Race walking demands a level toughness that can only come with age, too. Finishing almost an hour behind Heffernan on Wednesday, in last place, was the American John Nunn, a US Army sergeant.

“In the Army, we have a never quit attitude, we have to finish the mission,” said Nunn, after they’d cut off his soaking wet vest and shorts, because he simply could not move for several hours after finishing. By halfway, both of Nunn’s legs were cramping, badly, and not long after that his entire body seized up.

“It was like the death march,” he added, “one of the most mentally taxing things I’ve ever done. The moment I crossed the finish, it was so painful, I was screaming. The day after, it felt like I had been run over by a truck.”

One man missing, however, is still viewed by some as one of the toughest of the lot.
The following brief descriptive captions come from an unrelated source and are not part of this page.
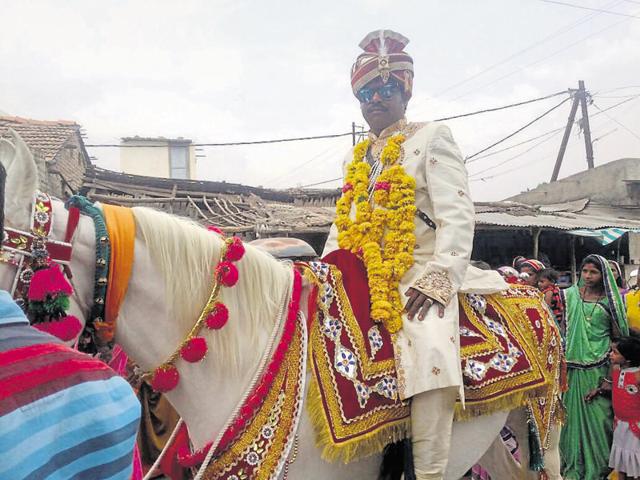 Groom Gangaram, the 42-year-old broom maker from Sendhwa during his wedding procession on Friday.(HT photo) Groom Gangaram, the 42-year-old broom maker from Sendhwa during his wedding procession on Friday.(HT photo)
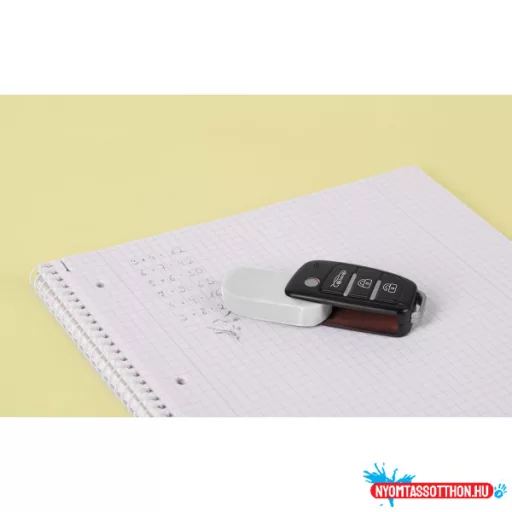 Autókulcs formájú radír gyerekeknek – BRUNNEN minőség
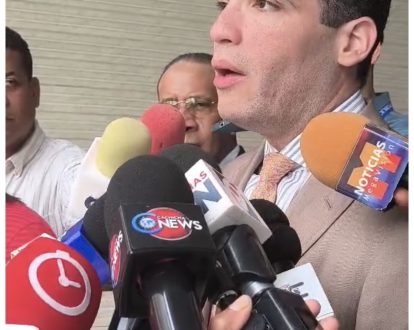 Charlie Mariotti saluda decisión de la JCE de levantar restricción a las encuestas; Selinee Méndez dice que el órgano perdió autoridad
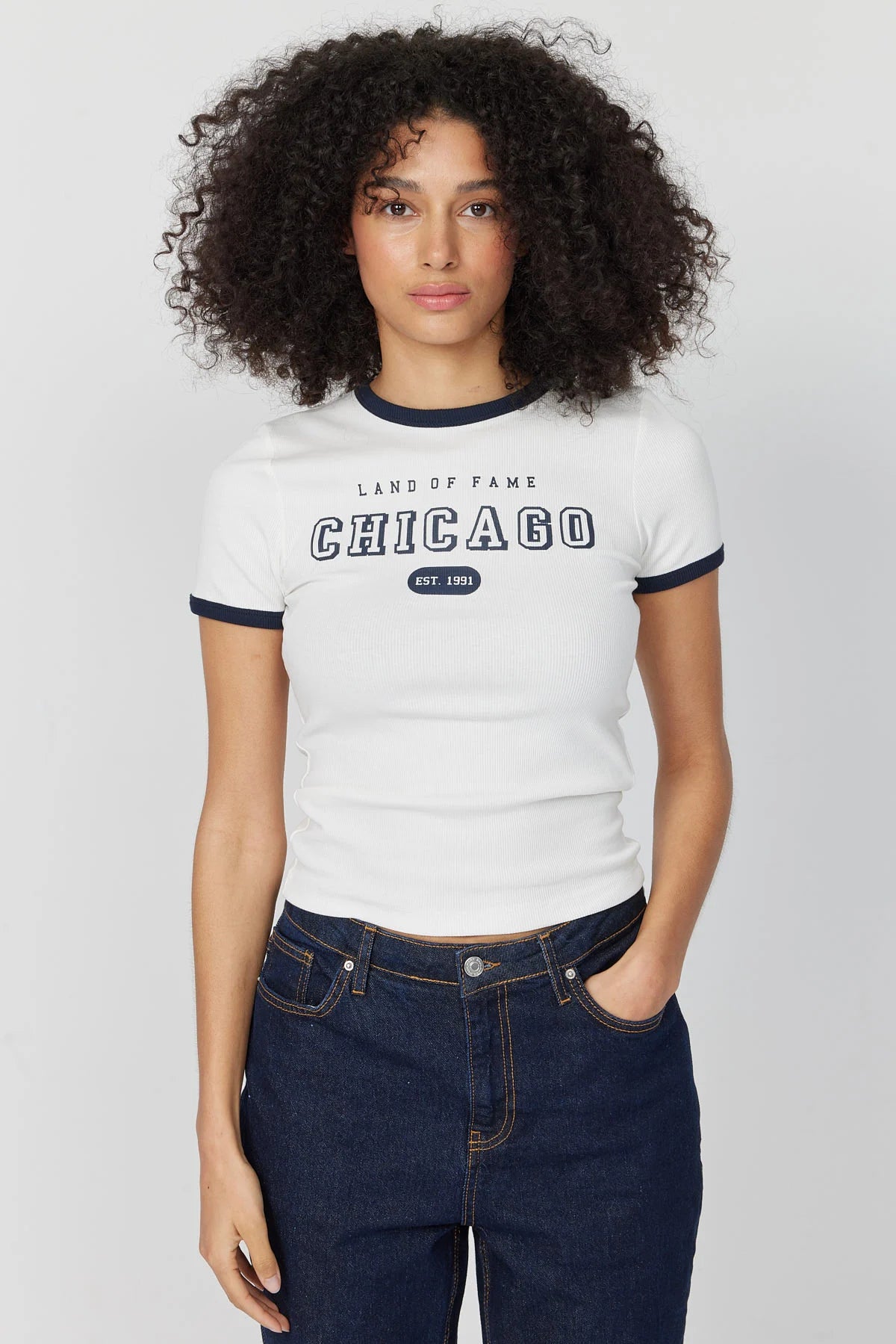 تيشيرت نسائي مضلع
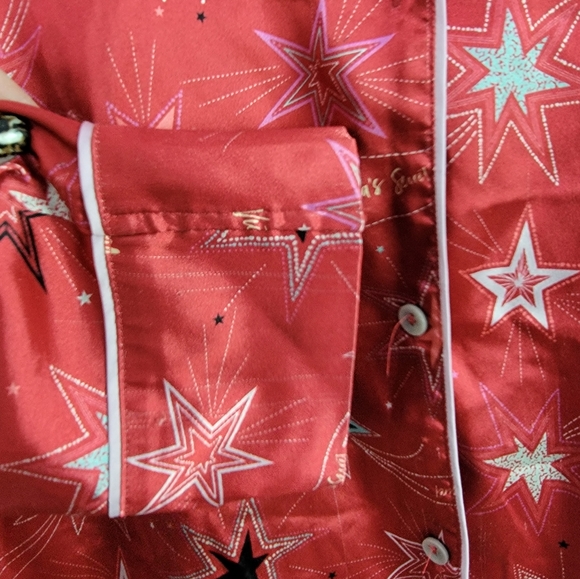 Victoria's Secret Red Star Print Silky Pajama Set Size Medium - Picture 6 of 16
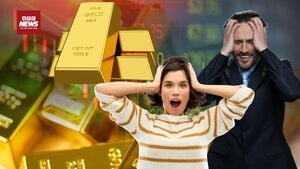 Bán 200 cây vàng rồi tiếc ngẩn ngơ: Không ngờ giá vàng tăng kỷ lục
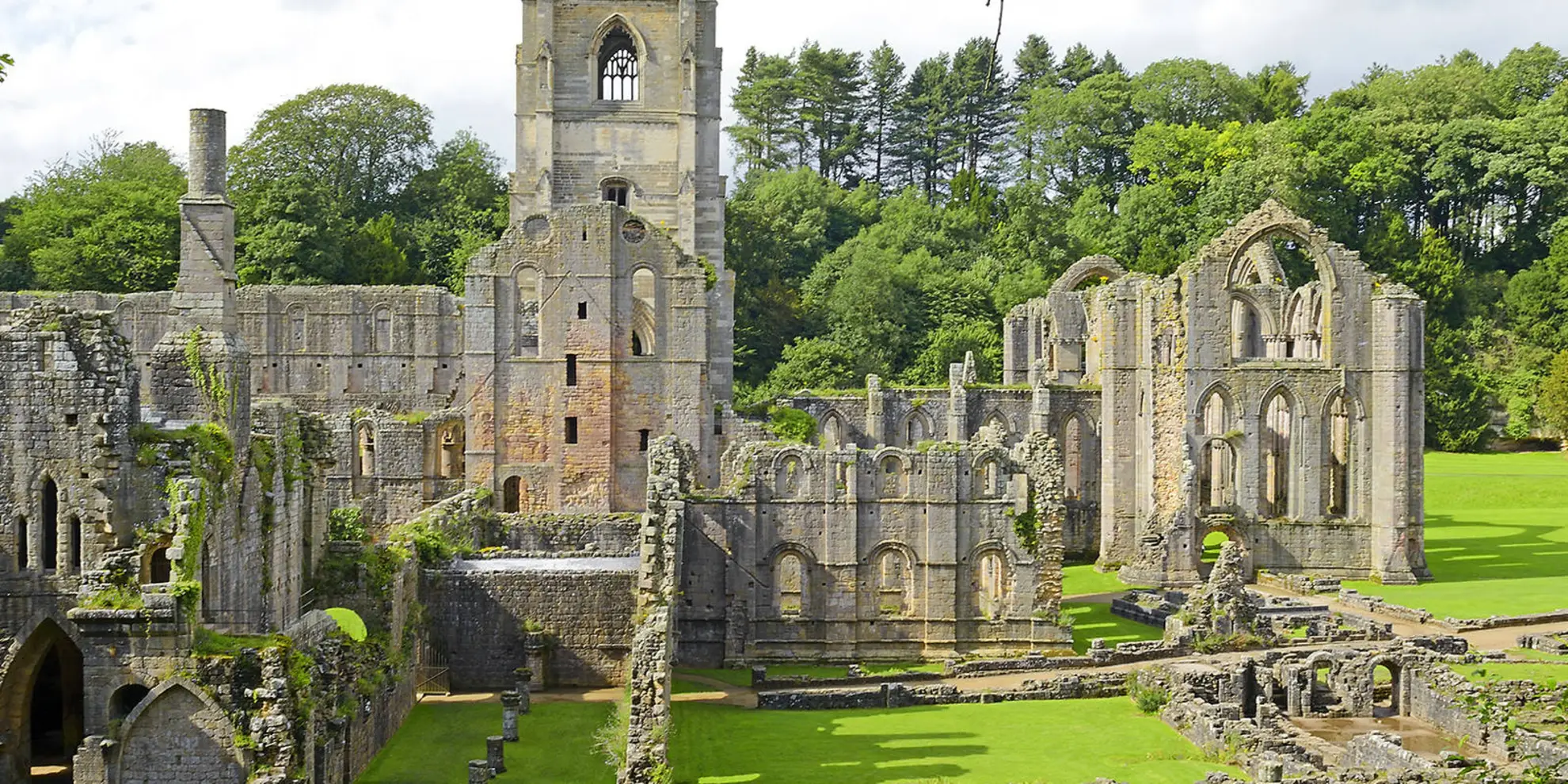 An image depicting the trail Fountains Abbey and Markenfield Hall and its surrounding area.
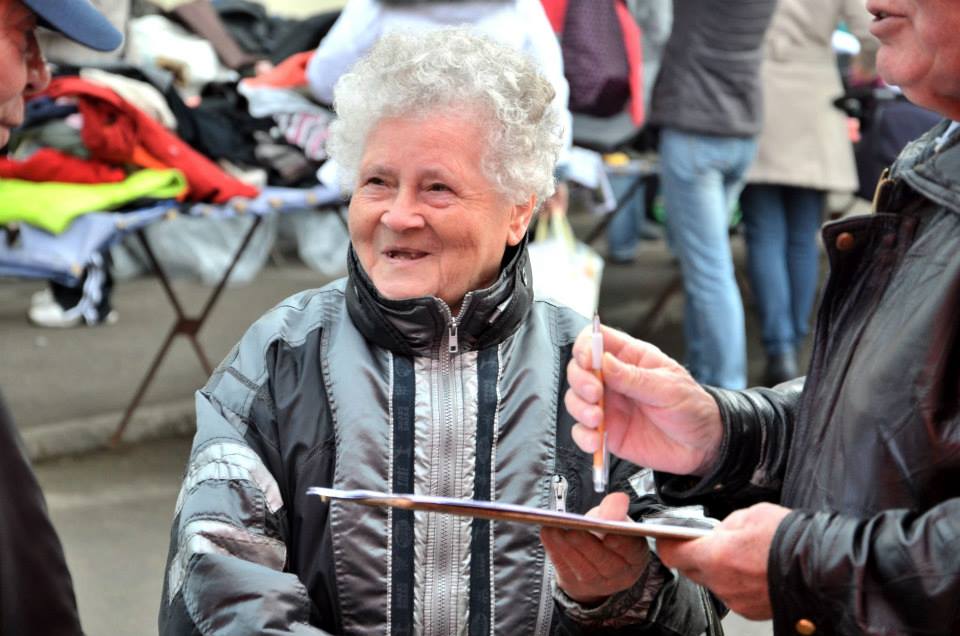 Illustration for article titled A fideszes Pócs János családi albumot készített a szavazóiból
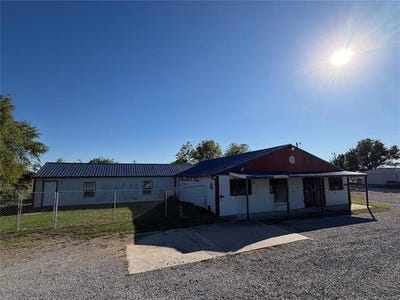/international/us/9373-tannehill-road-mcalester-ok-110120408592/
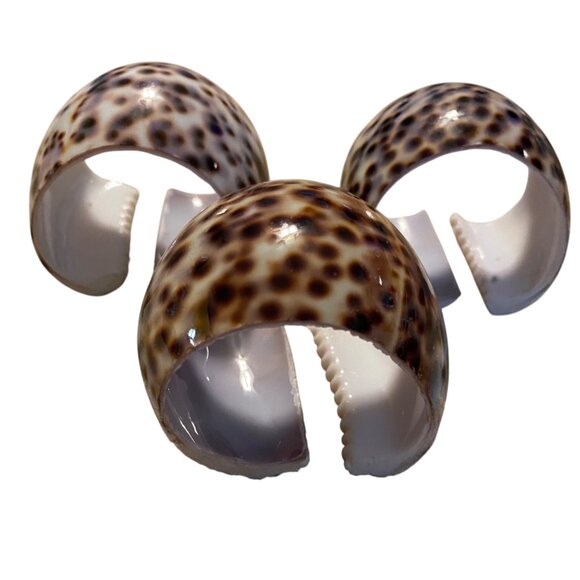 Set Of 3 Vintage Spotted Shell Napkin Rings Made In The Philippines - Picture 1 of 5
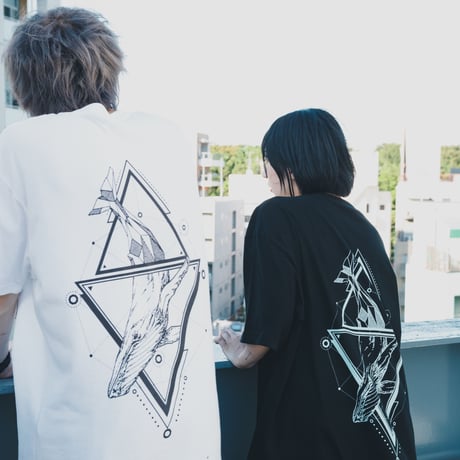 BLVELY Logo T-shirt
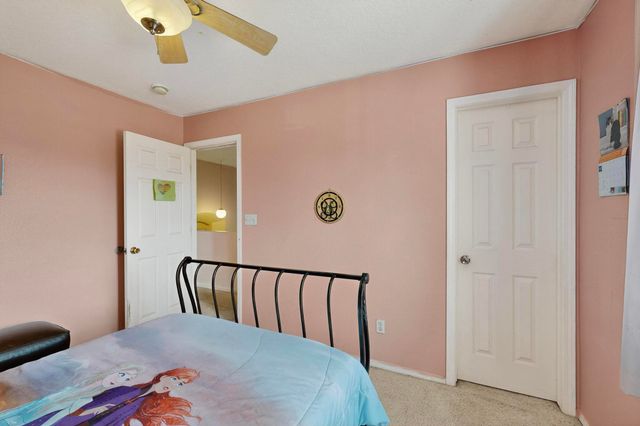 10400 GRIFFON Drive NW, Albuquerque, NM 87114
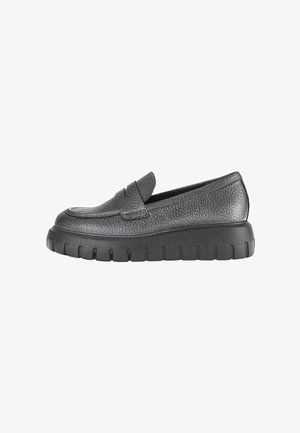 Scarpa slip-on in pelle nera testurizzata con una suola in gomma spessa e rigida. Presenta un design classico da mocassino con un delicato dettaglio frontale.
Sergey Kirdyapkin, now aged 33, won the gold medal in the 50km walk in London last summer, in an Olympic record time 3:35:59.

This topped up the gold medals he won at the World Championships in Helsinki back in 2005, and also in Berlin, in 2009. Kirdyapkin appeared primed for another golden moment on home territory last Wednesday, only to withdraw – a few days before the event – without giving any reason whatsoever.

The Russians are being housed at the same Moscow hotel as the Irish team, Jamaica and Bermuda. Irish team manager Patsy McGonagle has been hearing lots of whispers about Kirdyapkin’s sudden withdrawal, although nothing is yet confirmed.

“All we’ve been told is that there might be some announcement, in the next couple of days,” he said.

Just as strange is the fact Olga Kaniskina was also a late withdrawal from the women’s 20km walk, having won the previous three World titles. Race walking can be a bit of a draw for performance enhancing substances, especially those of the blood-boasting type, namely EPO. Indeed Alex Schwazer of Italy, who won Olympic gold in Beijing, and the European title in Barcelona in 2010, when Heffernan finished fourth, has since admitted to using EPO.

Schwazer, in other words, denied Heffernan a European bronze medal, because his ban didn’t go back that far. When asked about Kirdyapkin’s sudden withdrawal, at his arrival in Dublin Heffernan simply shrugged. “I don’t know,” he said, and left it at that.

Heffernan sits proudly in fourth place from those London Olympics, and if there is any issue with any of the walkers ahead of him he will be the first to benefit. “I didn’t finish fourth, I won fourth,” he said at the time.

Heffernan got everything he deserved in Moscow, some payback, at last, for those countless hours out around the roads of his home Douglas in Cork, not far from where both he and his wife Marian were born and raised, and the athletic club in Togher that first brought them together, or else in Guadix, high in the Spanish Sierra Nevada, where he frequently goes to fully embrace the benefits of altitude training.

There, Heffernan drove himself to the point of utter sporting starvation, and after a career marked by minor euphoria and extreme despair, the medal simply had to come. And it won’t be last of them. Trust me.